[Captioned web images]
============
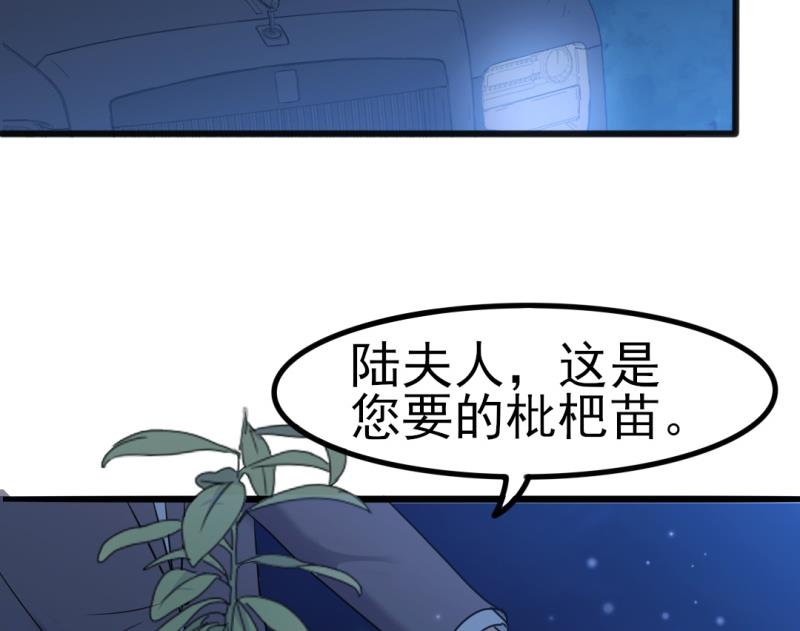 第34话 庭有枇杷树(1/2)-第34话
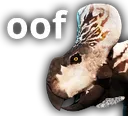 oof oof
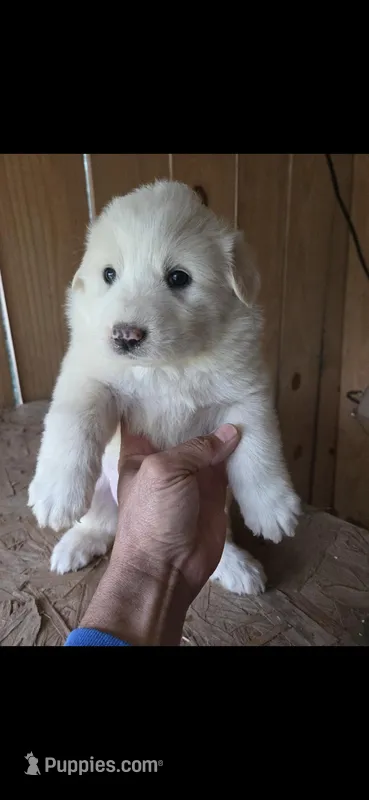 Willow  – Great Pyrenees puppy for sale in Ware Place, SC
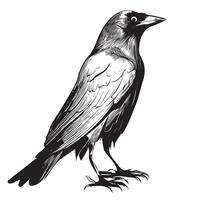 Crow bird hand drawn sketch in doodle Halloween style illustration vector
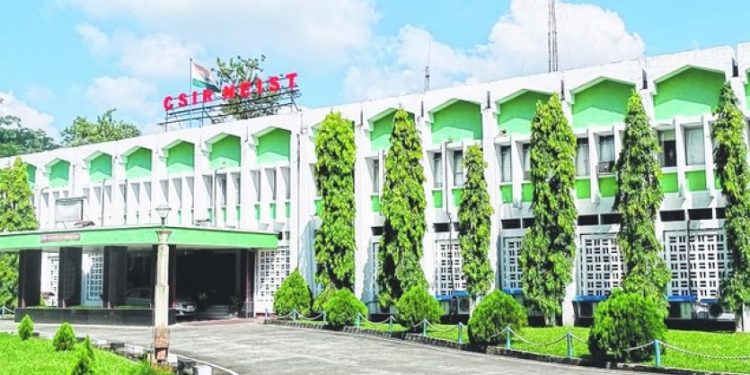 csir-niest_2311112_835x547-m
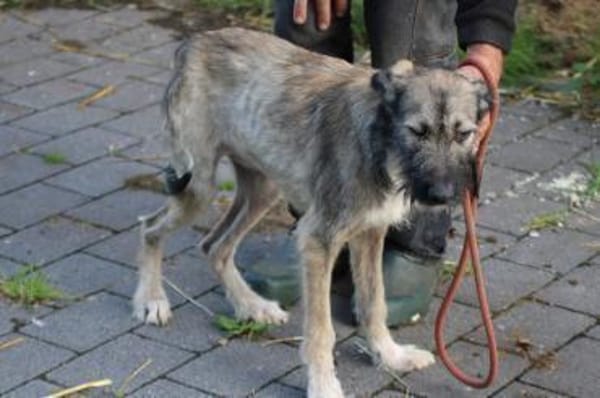 Melody - goldige Junghündin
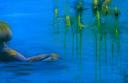 On Reflection by Donna Williams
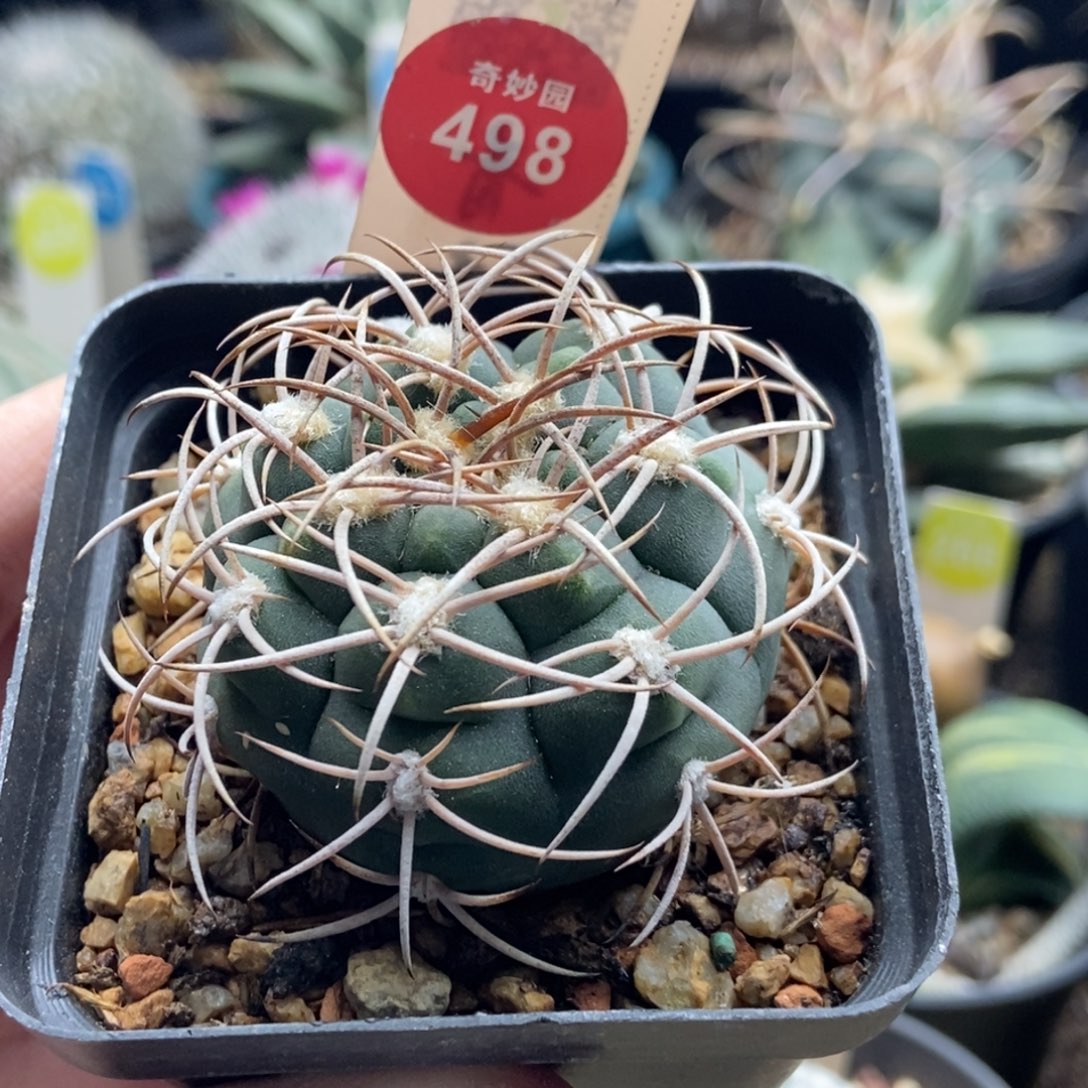 实生狂刺火东球4.8cm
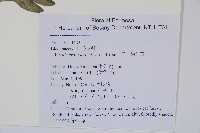 日本狗脊蕨藏品圖，第7張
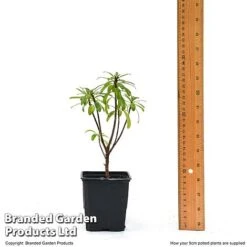 Daphne X Transatlantica 'Pink Fragrance' 7 Daphne X Transatlantica 'Pink Fragrance' -Perfect Greenery DAPH PINKFR9CM T45492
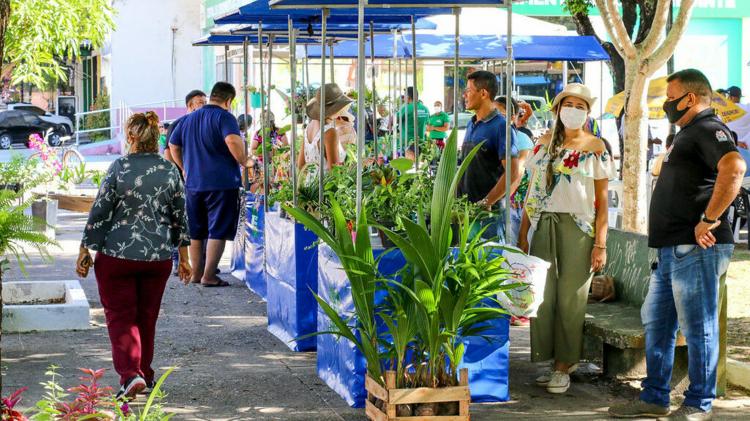 Em Macapá, produtos artesanais e da agricultura familiar estarão disponíveis durante feira neste sábado (7)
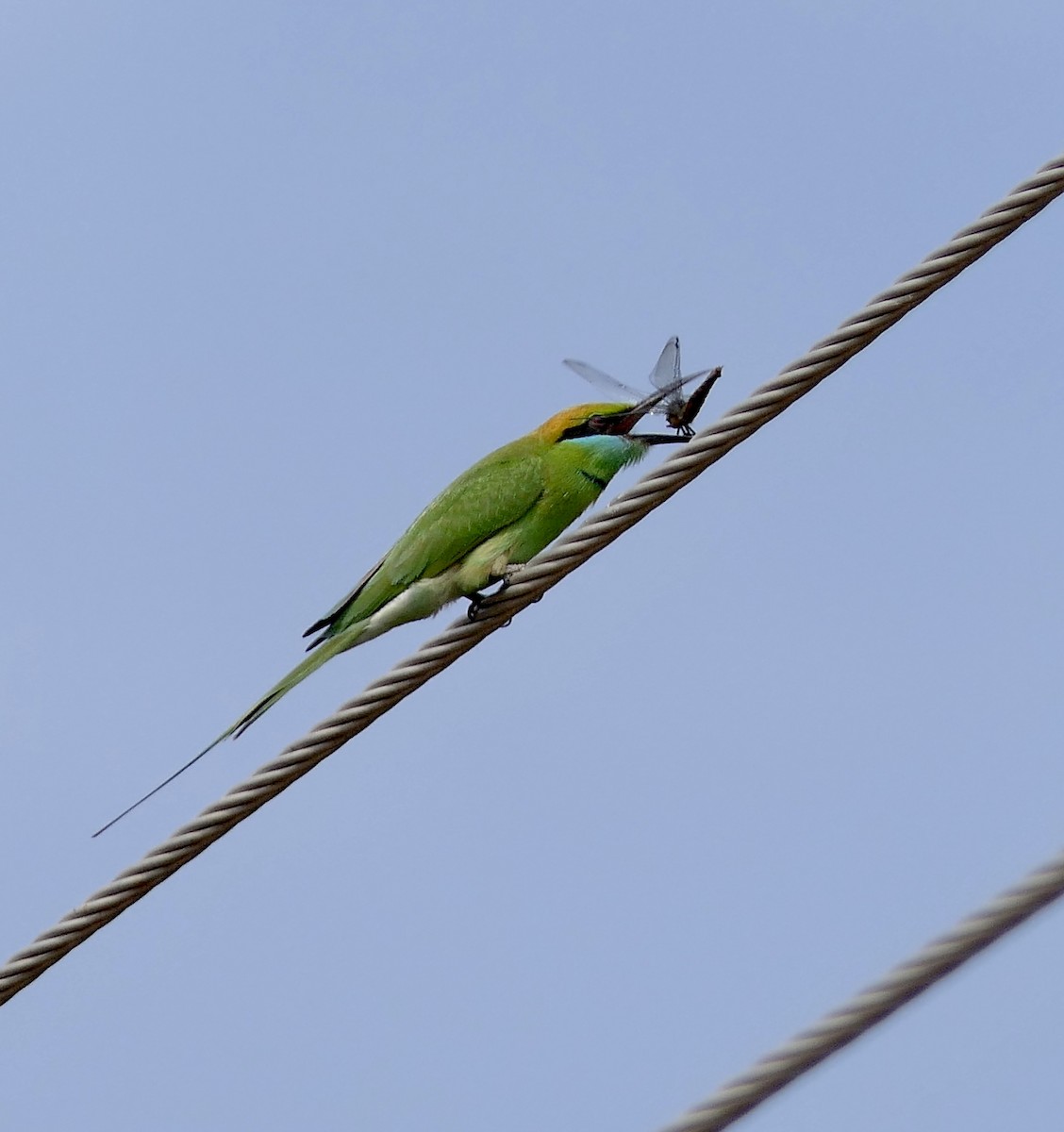 Asian Green Bee-eater - ML511124531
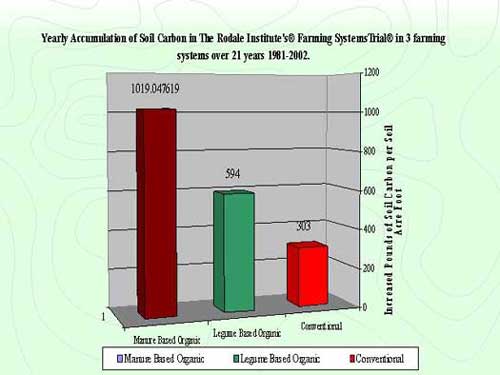carbonsoil carbonsoil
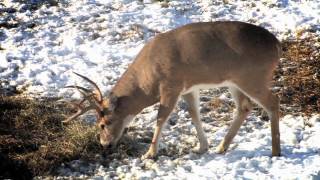 Wyoming Whitetail [upl. by Eceinwahs443]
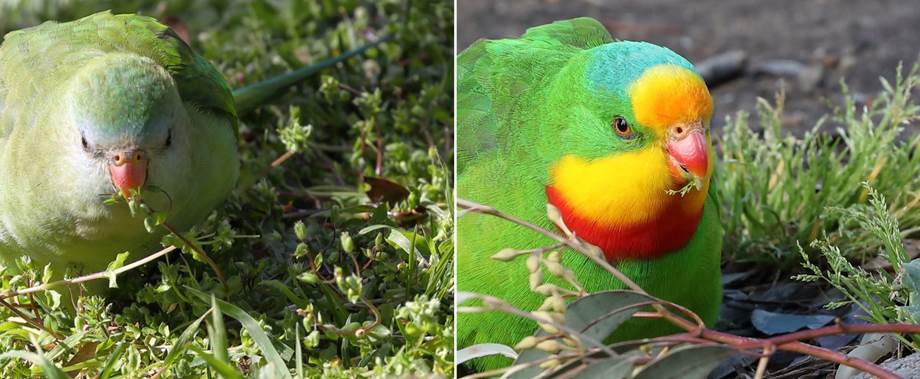 A picture containing animal, grass

Description automatically generated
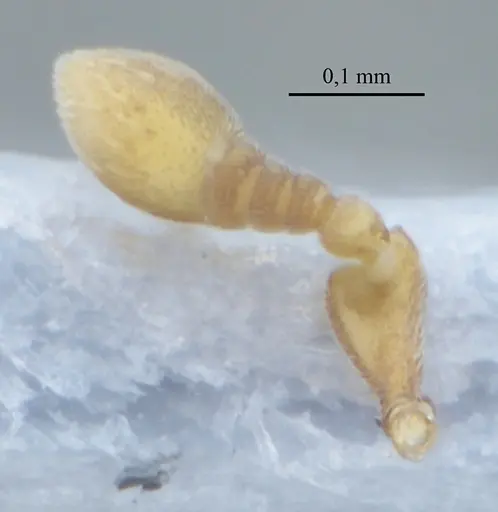 Discothyrea sexarticulata - UFV-LABECOL-010769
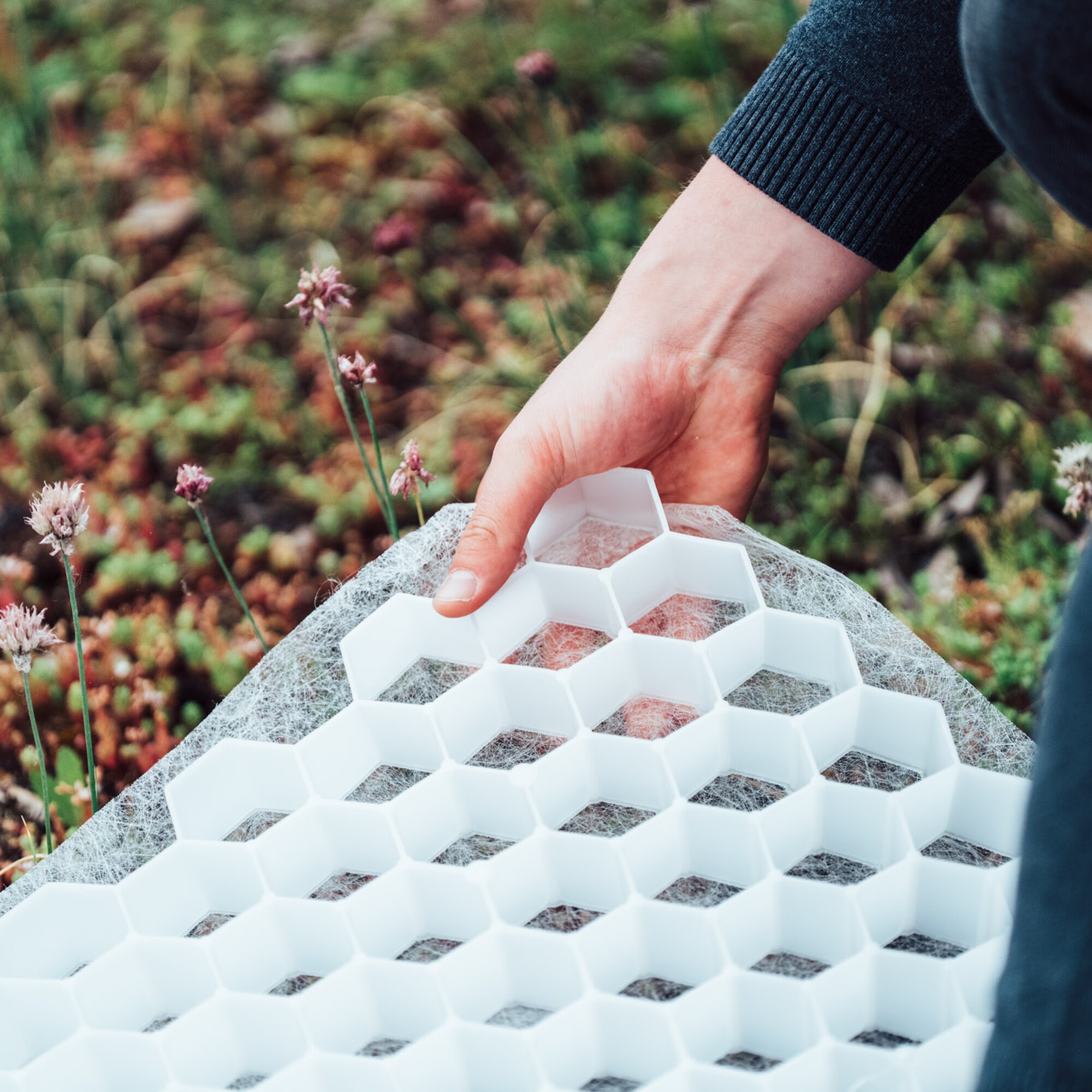 Hand holding a white foam packing tray outdoors on fallen leaves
============
> EXERCISE DETAILS
Would you restate word for word only the lines from the line with "Discothyrea sexarticulata - UFV-LABECOL-010769" to the last line above, with the pictures left out?

> RESULT FOR THIS EXERCISE
 Discothyrea sexarticulata - UFV-LABECOL-010769
 Hand holding a white foam packing tray outdoors on fallen leaves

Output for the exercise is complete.